Upfront Addition of Immunomodulatory Therapy
More than half of clinicians add systemic immunomodulatory treatment upfront rather than waiting for corticosteroid failure 1.
The two most effective steroid-sparing agents are JAK inhibitors and IL-6 targeted monoclonal antibodies (such as tocilizumab), each selected by approximately 32% of clinicians as first-choice treatments 1, 5.
- IL-1 inhibitors (such as canakinumab) demonstrate promising steroid-sparing efficacy in selected patients 5.
- Both IL-1 and IL-6 pathway inhibitors allow for reduction of corticosteroid doses while achieving clinical stabilization 5.
Disease-Specific Considerations
VEXAS with Concomitant MDS
Azacitidine should be used in patients with concomitant myelodysplastic syndrome, with nearly 70% of clinicians reserving this agent specifically for this indication 1.
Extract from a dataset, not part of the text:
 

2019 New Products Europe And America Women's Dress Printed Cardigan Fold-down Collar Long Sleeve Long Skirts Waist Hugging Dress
- Azacitidine and decitabine have shown promise in reducing disease burden beyond their use in isolated MDS 3.
- The clinical dyad of VEXAS/MDS generally belongs to lower-risk IPSS-R/M categories, but the morbidity associated with VEXAS may prioritize transplant consideration even in lower-risk disease given the recalcitrant hyperinflammatory picture 4.
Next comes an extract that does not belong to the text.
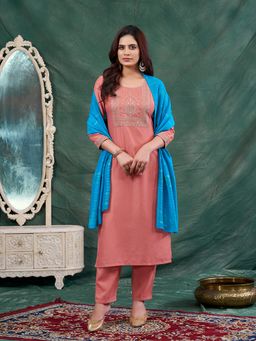 MOKOSH - Women Peach Chinon Embroidered Kurta with Pant and Dupatta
Definitive Curative Treatment
Allogeneic hematopoietic stem cell transplantation (allo-HSCT) remains the only curative treatment, though only 29.6% of centers report successful completion of this procedure, reflecting its significant risks 1, 3.
- Patients with VEXAS and known germ line predisposition should be preferentially managed within clinical programs or research protocols in partnership with experts in the field 4.
- For VEXAS/MDS patients, transplant indication may come from evaluation of severity of cytopenias, transfusion burden, and failure of immunosuppressive treatment 4.
Monitoring and Follow-Up
Regular clinic review at intervals under 7 weeks is typical practice for the majority (59.5%) of clinicians managing VEXAS syndrome 1.
- Monitor CRP as the preferred marker of disease relapse 1.
- Assess for cytopenias, particularly macrocytic anemia, which is a hallmark feature 3, 2.
- Evaluate for multisystem inflammatory manifestations including chondritis, neutrophilic dermatoses, vasculitis, and pulmonary inflammation 6, 2.
Multidisciplinary Care Structure
Both hematologists and rheumatologists serve as the main care providers (each representing 32.4% of managing clinicians), identifying the need for a multidisciplinary approach 1.
- Management requires coordination between hematology, rheumatology, and other specialties with expertise in autoinflammatory disorders 1, 3.
- Centralize care at centers with experience managing VEXAS syndrome whenever feasible 1.
Critical Pitfalls to Avoid
- Do not rely on traditional immunosuppressants or TNF inhibitors, as they are generally ineffective 3.
- Do not delay genetic testing when clinical suspicion is high, as diagnostic delay is common due to overlap with autoimmune and hematologic disorders such as relapsing polychondritis, Still's disease, and myelodysplastic syndromes 3, 6, 2.
- Do not use azacitidine in patients without concomitant MDS, as this is not the standard indication 1.
- Do not overlook the need for bone marrow examination to identify characteristic vacuoles in myeloid and erythroid precursors 3, 2.
Treatment Heterogeneity and Unmet Needs
Treatment modalities remain heterogeneous globally, with several unmet needs including lack of longitudinal follow-up data, absence of on-label drugs, and financial toxicity concerns 1.